Es wird jedenfalls auch über die Weihnachtsfeiertage verhandelt. Laut KURIER-Informationen aus den Verhandlerkreisen gibt es in allen sieben Themenbereichen bereits Punkte, bei denen sich ÖVP, SPÖ und Neos einig sind. Im verhandlungsinternen Ampelsystem stehen diese auf grün. Viele entscheidende Punkte sind aber noch offen (gelb) oder gar rot – also weit von einem Kompromiss entfernt.
Wo Einigkeit herrscht
Der eine oder andere mittelgroße Wurf ist den 33 Untergruppen bereits gelungen. Etwa in der Gruppe Arbeit und Gesundheit. ÖVP, SPÖ und Neos sollen sich auf eine Reform der Sozialhilfe inklusive Kindergrundsicherung geeinigt haben.
Details fehlen noch, das andere von Babler vorgeschlagene Modell könnte in abgeschwächter Form kommen. Gleichzeitig soll die ÖVP-Forderung umgesetzt werden, den geringfügigen Zuverdienst neben dem Arbeitslosengeld zu streichen. Auch kommen sollen: kürzere Wartezeiten beim Arzt oder eine Erhöhung des effektiven – nicht des gesetzlichen – Pensionsalters.
Was Nehammer bereits öffentlich sagte: Österreichs Übererfüllung der EU-Klimaziele bis 2040 klimaneutral zu werden, soll fallen. Ausbauen will man die Bahn – und nach diversen Baustopps von Klimaministerin Leonore Gewessler (Grüne) auch wieder Autobahnen.
Offenbar unter anderem ebenso „grün“: Leistungskürzungen im Integrationsbereich, kostenlose Verhütungsmittel und die Bevorzugung von Jungfamilien bei der Vermietung gemeinnütziger Wohnungen.
Die größte Einigkeit herrscht in den Clustern „Klima, Verkehr und Landwirtschaft“ sowie in der Bildung. Für alle genannten Punkte gilt: Details fehlen noch.
Große Differenzen bei der Wirtschaft
Die wirklich entscheidenden Themen sind allerdings gelb oder rot. Dazu gehören fast alle Streitfragen im Wirtschaftsbereich: Ob, wie ÖVP und Neos fordern, Betrieben die Lohnnebenkosten und die Körperschaftsteuer gesenkt werden sollen.
Oder ob die Dreierkoalition neue Steuern einführt.
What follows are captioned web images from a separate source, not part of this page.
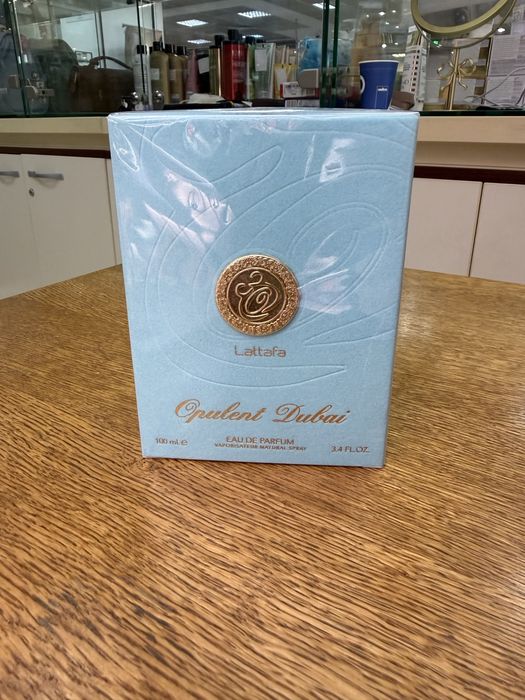 Opulent Dubai Parfum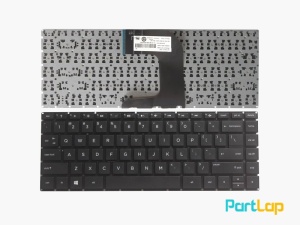 کیبورد لپ تاپ اچ پی Pavilion 14-AM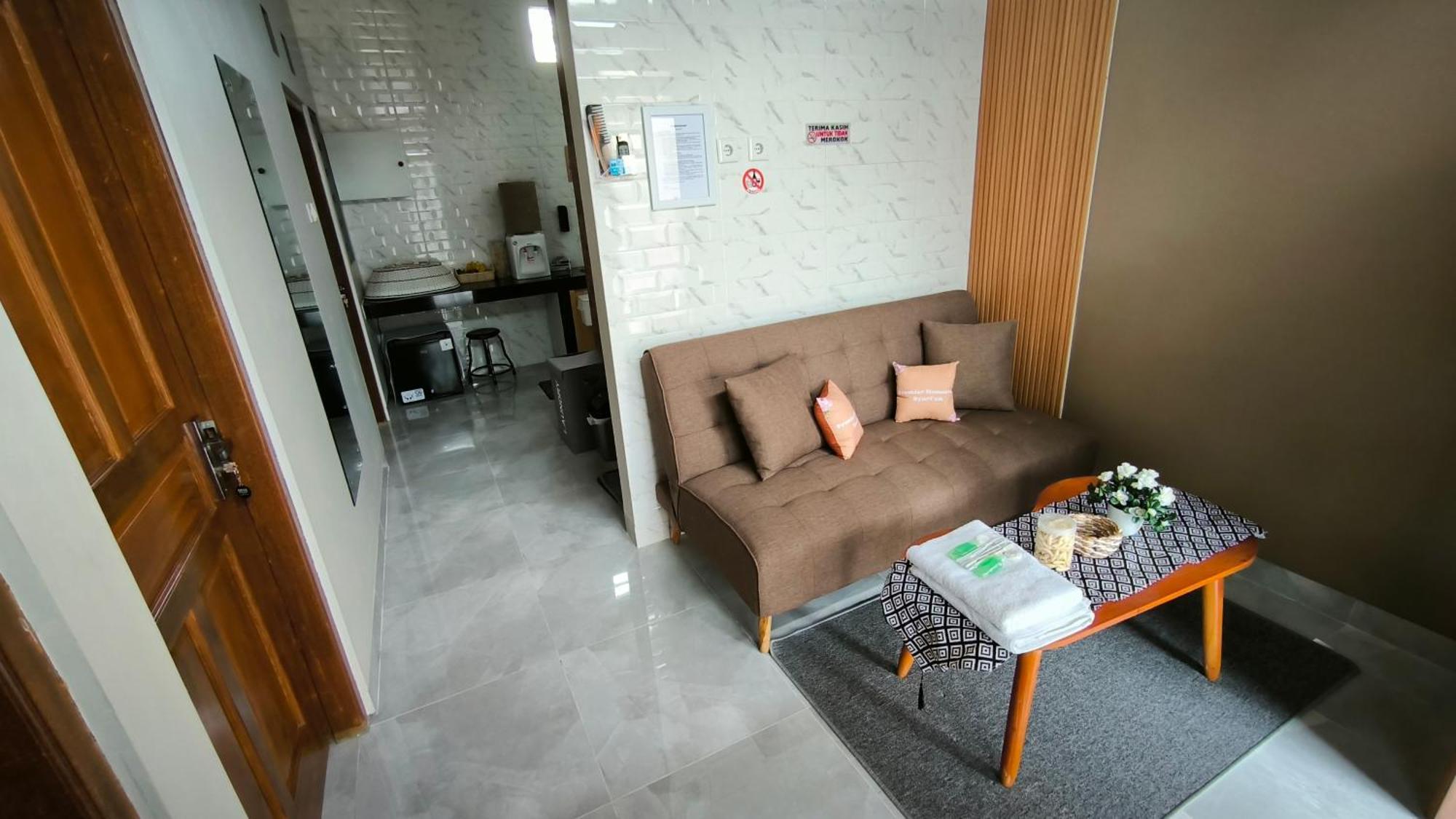 Premier Homestay Syariah Kalasan Exteriér fotografie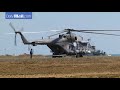 russian ground and marine forces hold drills in crimea daily mail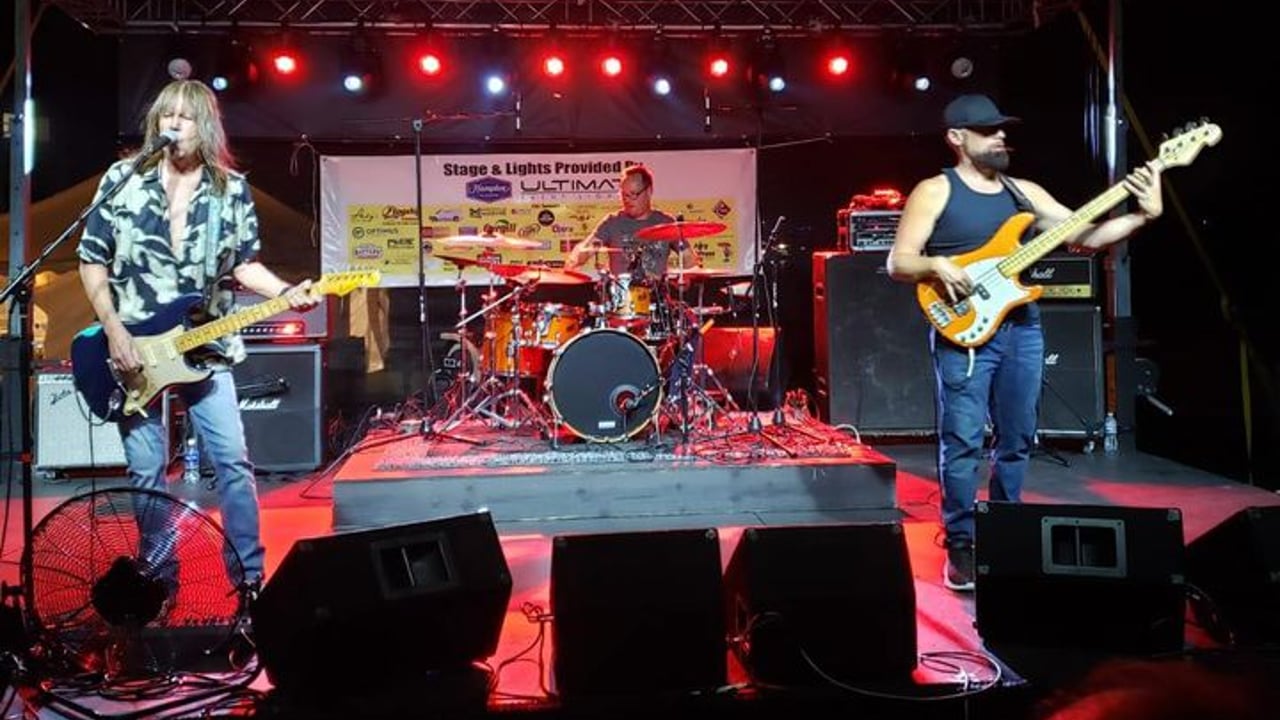 The Pat Travers Band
Hier startete die SPÖ am Dienstag erneut eine Offensive für „Millionärssteuern“. Diese untermauerte sie mit einer Umfrage des SPÖ-nahen Instituts Ifes, was für Ärger bei der Gegenseite sorgte. Bereits Ende November hatte Nehammer klargestellt: Sollte die SPÖ auf Vermögenssteuern bestehen, seien die Verhandlungen „schnell zu Ende“. Danach gab es immerhin bei der Grundsteuer eine erste Annäherung.
Auch abseits der Wirtschaft besteht noch viel Gesprächsbedarf. Etwa bei Nebenbaustellen wie einem neuen Nationalstadion oder im Wohnbereich: Die ÖVP würde gerne die Grunderwerbssteuer auf das erste Eigenheim abschaffen, die SPÖ alle Mieten bis 2027 einfrieren. Von einer Einigung ist man bei beiden Punkten laut Verhandlern weit entfernt.
Selbiges gilt im Migrationsbereich für das Aussetzen des Familiennachzugs, ein Verbot des politischen Islam, das langjährige ÖVP-Projekt Messenger-Überwachung oder eine „Leitkultur mit Fest- und Feiertagskultur“. Auch offen: Größere Reformen im Pensionsbereich, was vor allem aus Sicht der Neos dringen nötig wäre, um die Staatsausgaben strukturell zu senken.